### Problem to solve
Return the listing verbatim, images left out.

### Collected material
--
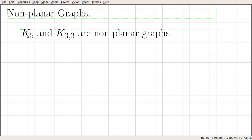In this video, we are going to prove that K5 and K33 are non-planar graphs.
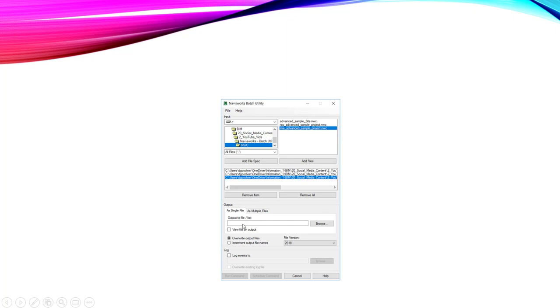And then down here we have the output. So we have as a single file or as multiple files. And then we have down here the file version. We can overwrite output files or we can increment output file names. And then if we needed a log, it's down here as well.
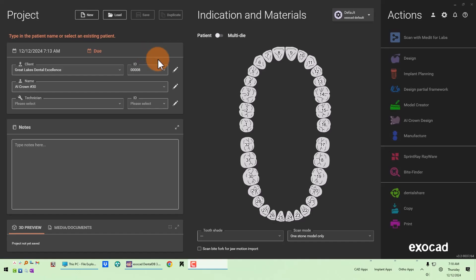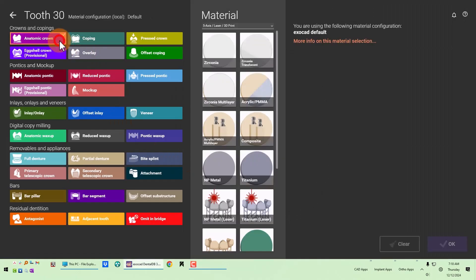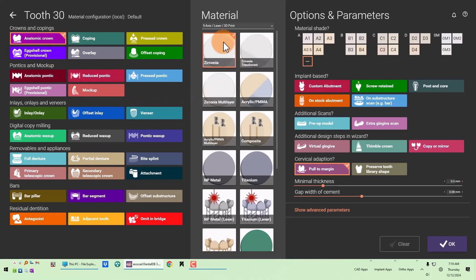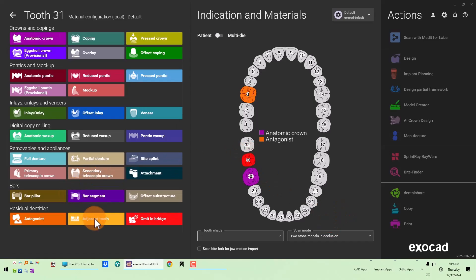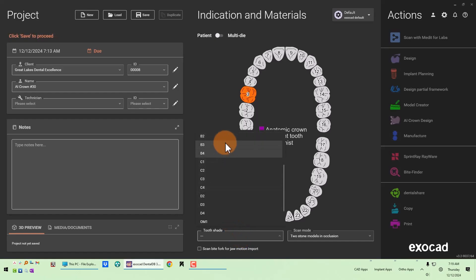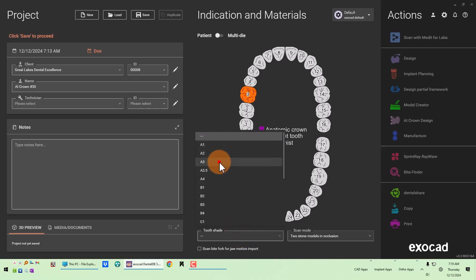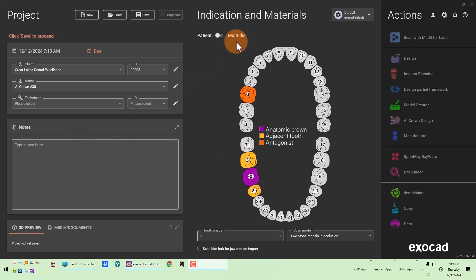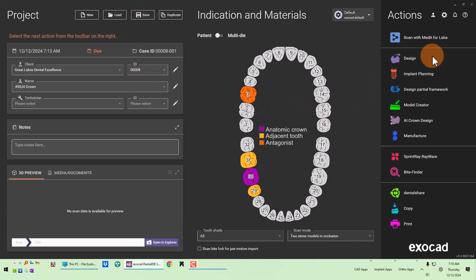For our first example we're going to do a crown on tooth number 30. Just like a normal crown workflow, we're going to select the tooth, the material, and our options and parameters. I'm going to define the neighboring teeth and set a shade for the job. Now instead of going forward with design, I'm going to do AI crown design.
--
### Answer space
In this video, we are going to prove that K5 and K33 are non-planar graphs.
And then down here we have the output. So we have as a single file or as multiple files. And then we have down here the file version. We can overwrite output files or we can increment output file names. And then if we needed a log, it's down here as well.
For our first example we're going to do a crown on tooth number 30. Just like a normal crown workflow, we're going to select the tooth, the material, and our options and parameters. I'm going to define the neighboring teeth and set a shade for the job. Now instead of going forward with design, I'm going to do AI crown design.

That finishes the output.